[To do]:
Restate word for word the lines of the listing below, from its first line through the line with "Samsung Galaxy S23", without the pictures.

BEGIN Raw data

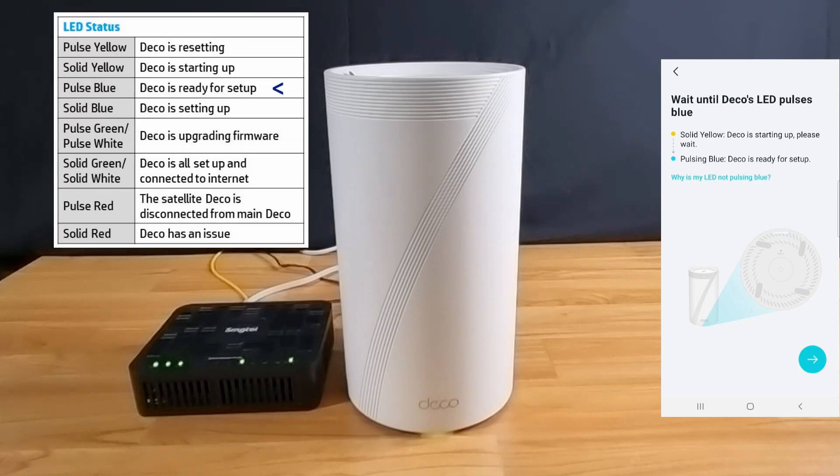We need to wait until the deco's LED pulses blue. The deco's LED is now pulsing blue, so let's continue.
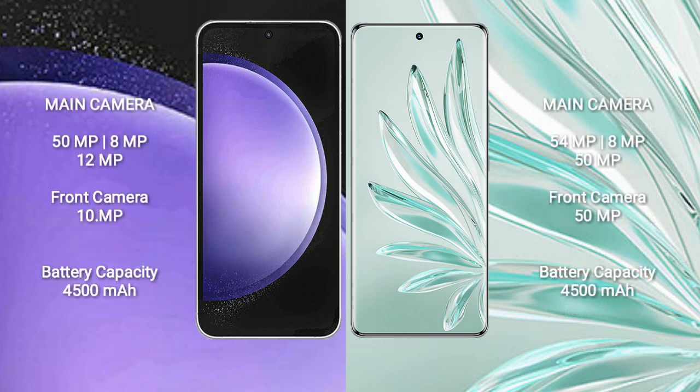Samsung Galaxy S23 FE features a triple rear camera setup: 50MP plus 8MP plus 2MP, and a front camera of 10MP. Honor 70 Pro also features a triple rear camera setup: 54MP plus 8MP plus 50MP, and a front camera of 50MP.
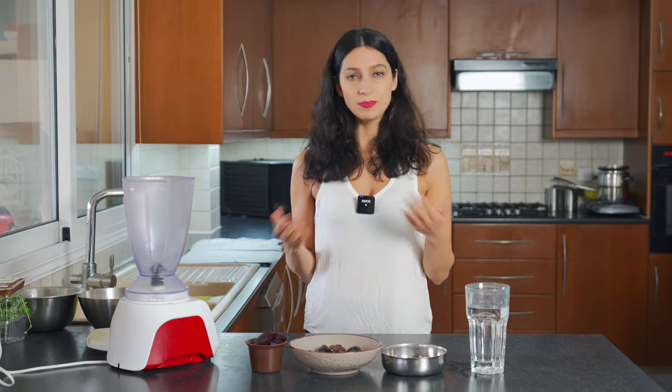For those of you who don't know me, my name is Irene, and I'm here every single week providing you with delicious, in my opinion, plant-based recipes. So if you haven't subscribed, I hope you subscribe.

END Raw data

[Response]:
We need to wait until the deco's LED pulses blue. The deco's LED is now pulsing blue, so let's continue.
Samsung Galaxy S23 FE features a triple rear camera setup: 50MP plus 8MP plus 2MP, and a front camera of 10MP. Honor 70 Pro also features a triple rear camera setup: 54MP plus 8MP plus 50MP, and a front camera of 50MP.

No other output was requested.